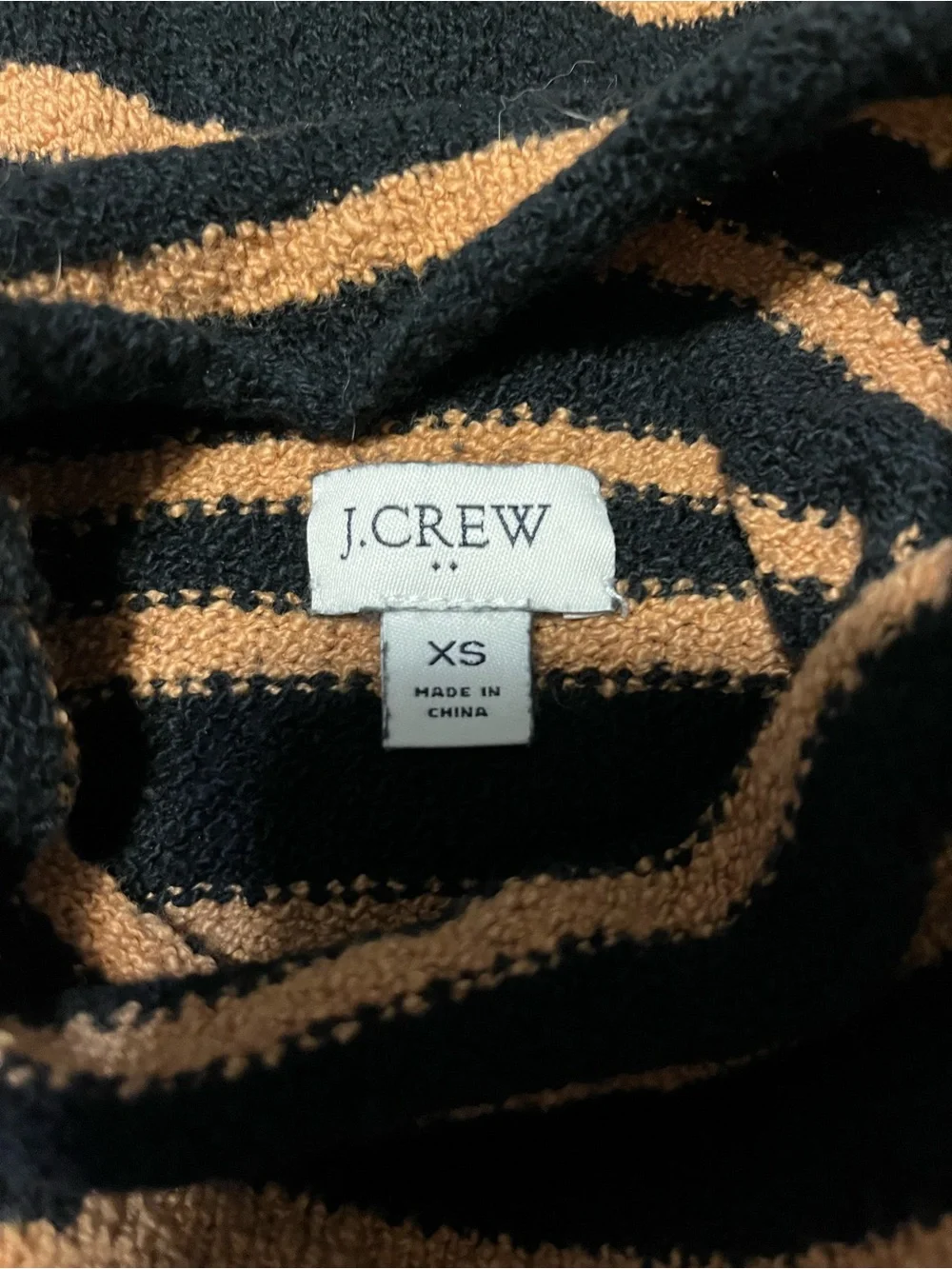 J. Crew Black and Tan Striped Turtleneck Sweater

--

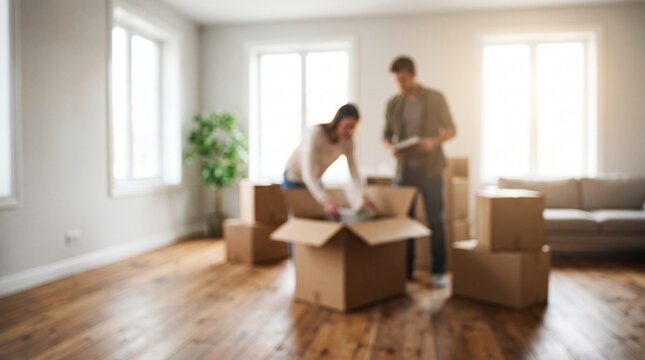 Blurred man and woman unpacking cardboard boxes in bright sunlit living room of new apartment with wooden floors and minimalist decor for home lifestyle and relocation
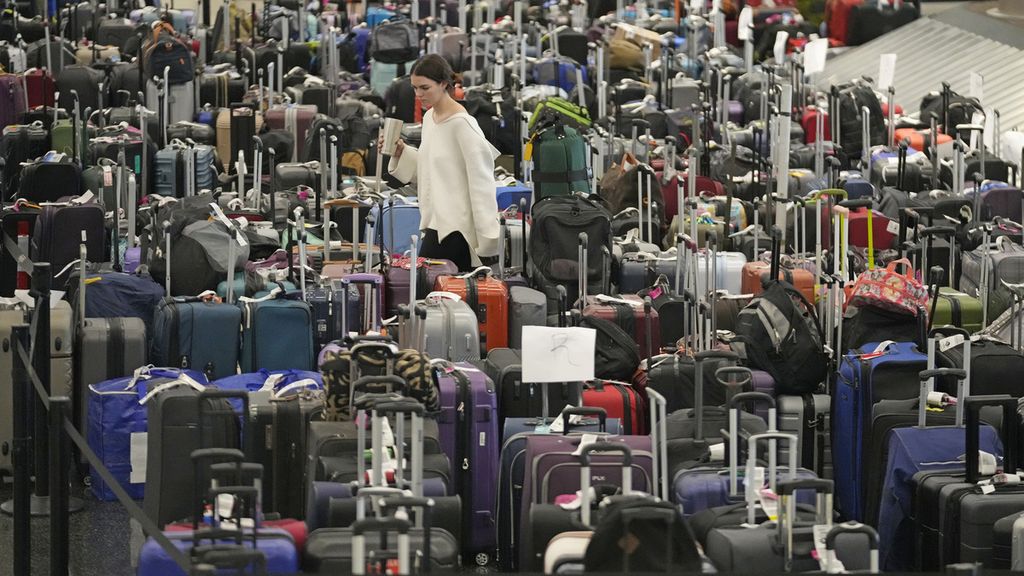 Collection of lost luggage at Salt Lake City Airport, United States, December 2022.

> _Exercise description_:
Transcribe, from the material above, the stretch starting at the line with "Blurred man and" and ending at the line with "Collection of lost", both included, exactly. Do not carry over pictures.

> _The answer_:
 Blurred man and woman unpacking cardboard boxes in bright sunlit living room of new apartment with wooden floors and minimalist decor for home lifestyle and relocation
 Collection of lost luggage at Salt Lake City Airport, United States, December 2022.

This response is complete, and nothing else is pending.